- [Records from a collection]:
■ ■ ■

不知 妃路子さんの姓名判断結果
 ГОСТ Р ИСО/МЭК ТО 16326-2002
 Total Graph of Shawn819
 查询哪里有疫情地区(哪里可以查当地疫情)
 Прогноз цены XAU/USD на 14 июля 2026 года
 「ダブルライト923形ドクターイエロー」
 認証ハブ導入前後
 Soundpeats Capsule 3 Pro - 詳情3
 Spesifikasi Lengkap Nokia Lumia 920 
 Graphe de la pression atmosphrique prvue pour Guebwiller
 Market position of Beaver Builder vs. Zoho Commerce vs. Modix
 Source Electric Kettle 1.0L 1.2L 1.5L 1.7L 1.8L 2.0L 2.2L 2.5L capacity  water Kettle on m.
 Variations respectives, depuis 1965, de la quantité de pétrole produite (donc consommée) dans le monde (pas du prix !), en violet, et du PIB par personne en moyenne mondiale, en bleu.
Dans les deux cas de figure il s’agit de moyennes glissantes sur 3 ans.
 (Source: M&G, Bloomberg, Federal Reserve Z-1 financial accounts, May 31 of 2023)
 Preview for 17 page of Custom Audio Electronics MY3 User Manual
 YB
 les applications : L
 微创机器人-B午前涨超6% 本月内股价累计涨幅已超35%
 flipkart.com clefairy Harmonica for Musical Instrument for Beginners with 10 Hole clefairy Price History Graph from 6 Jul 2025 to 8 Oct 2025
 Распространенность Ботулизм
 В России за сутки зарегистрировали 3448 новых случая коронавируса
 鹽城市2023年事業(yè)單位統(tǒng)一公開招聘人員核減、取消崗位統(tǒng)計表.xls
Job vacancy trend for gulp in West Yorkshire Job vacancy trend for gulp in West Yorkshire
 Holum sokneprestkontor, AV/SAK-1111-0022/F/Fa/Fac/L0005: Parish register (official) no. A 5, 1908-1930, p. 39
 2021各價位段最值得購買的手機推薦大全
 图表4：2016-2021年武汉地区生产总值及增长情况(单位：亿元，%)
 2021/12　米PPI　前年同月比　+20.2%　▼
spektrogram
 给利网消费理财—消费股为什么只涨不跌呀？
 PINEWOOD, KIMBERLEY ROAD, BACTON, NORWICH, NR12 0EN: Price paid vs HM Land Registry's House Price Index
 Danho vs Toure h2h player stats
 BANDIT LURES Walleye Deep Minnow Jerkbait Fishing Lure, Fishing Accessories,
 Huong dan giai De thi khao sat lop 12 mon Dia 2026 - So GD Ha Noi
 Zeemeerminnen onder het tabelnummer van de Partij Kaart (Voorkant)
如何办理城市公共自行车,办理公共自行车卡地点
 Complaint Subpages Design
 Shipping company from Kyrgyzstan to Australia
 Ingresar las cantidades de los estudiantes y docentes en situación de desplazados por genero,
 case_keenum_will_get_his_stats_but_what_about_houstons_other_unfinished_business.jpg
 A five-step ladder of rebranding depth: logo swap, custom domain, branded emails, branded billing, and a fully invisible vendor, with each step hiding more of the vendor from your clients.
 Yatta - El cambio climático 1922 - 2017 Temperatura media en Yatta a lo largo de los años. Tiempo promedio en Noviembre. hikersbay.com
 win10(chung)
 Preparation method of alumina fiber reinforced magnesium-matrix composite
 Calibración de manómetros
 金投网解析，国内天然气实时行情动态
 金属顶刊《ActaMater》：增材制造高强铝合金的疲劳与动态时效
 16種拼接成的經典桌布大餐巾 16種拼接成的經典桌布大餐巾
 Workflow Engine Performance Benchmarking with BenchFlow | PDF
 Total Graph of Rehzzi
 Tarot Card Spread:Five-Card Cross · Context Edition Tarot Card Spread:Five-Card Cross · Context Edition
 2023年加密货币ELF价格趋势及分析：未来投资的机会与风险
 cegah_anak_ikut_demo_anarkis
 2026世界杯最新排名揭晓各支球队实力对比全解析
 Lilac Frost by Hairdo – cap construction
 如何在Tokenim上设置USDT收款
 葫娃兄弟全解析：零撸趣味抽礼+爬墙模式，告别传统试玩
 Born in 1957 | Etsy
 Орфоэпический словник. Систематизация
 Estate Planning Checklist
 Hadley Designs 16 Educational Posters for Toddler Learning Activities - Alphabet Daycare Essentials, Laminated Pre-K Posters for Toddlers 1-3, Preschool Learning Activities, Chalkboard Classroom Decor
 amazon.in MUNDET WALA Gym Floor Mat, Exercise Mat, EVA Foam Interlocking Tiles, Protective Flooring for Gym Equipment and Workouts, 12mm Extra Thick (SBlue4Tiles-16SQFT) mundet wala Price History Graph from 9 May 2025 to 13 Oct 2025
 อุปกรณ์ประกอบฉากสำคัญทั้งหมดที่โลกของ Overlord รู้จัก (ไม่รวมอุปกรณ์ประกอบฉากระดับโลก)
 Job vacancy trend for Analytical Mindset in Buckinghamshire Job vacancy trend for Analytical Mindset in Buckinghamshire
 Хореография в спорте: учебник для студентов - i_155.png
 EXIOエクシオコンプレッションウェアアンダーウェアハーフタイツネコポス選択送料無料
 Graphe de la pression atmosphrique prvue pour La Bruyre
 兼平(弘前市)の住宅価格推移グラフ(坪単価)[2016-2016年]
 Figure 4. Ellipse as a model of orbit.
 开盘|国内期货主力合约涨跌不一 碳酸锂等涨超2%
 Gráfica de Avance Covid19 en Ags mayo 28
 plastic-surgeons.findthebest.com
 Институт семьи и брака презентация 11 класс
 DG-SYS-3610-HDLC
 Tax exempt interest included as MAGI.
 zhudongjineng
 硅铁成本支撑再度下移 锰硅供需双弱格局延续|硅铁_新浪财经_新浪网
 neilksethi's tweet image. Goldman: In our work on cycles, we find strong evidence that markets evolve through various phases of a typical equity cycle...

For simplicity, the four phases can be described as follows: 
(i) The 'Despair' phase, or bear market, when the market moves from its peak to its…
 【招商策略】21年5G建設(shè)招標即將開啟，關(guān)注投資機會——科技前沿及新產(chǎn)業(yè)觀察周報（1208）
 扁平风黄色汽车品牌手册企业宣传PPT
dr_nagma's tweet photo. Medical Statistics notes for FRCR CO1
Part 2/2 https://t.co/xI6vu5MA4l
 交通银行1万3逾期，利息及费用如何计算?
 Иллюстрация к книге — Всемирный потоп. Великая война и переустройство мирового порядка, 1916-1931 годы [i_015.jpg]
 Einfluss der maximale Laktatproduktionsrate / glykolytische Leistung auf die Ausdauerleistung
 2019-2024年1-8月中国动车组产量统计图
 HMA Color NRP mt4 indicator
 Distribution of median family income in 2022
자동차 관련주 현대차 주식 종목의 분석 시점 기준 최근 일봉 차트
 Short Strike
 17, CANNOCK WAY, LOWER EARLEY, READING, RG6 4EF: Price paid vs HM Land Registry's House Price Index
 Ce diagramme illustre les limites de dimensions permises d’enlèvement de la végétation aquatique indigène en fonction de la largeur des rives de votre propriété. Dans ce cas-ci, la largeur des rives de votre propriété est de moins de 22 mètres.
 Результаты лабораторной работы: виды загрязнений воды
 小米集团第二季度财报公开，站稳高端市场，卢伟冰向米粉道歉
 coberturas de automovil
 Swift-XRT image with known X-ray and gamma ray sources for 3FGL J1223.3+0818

■ ■ ■

- [WHAT TO WORK ON]: Give again, word for word, the records from their first line to the one with "Spesifikasi Lengkap Nokia Lumia 920", and leave out all else.

- [EXERCISE SOLUTION]:
不知 妃路子さんの姓名判断結果
 ГОСТ Р ИСО/МЭК ТО 16326-2002
 Total Graph of Shawn819
 查询哪里有疫情地区(哪里可以查当地疫情)
 Прогноз цены XAU/USD на 14 июля 2026 года
 「ダブルライト923形ドクターイエロー」
 認証ハブ導入前後
 Soundpeats Capsule 3 Pro - 詳情3
 Spesifikasi Lengkap Nokia Lumia 920 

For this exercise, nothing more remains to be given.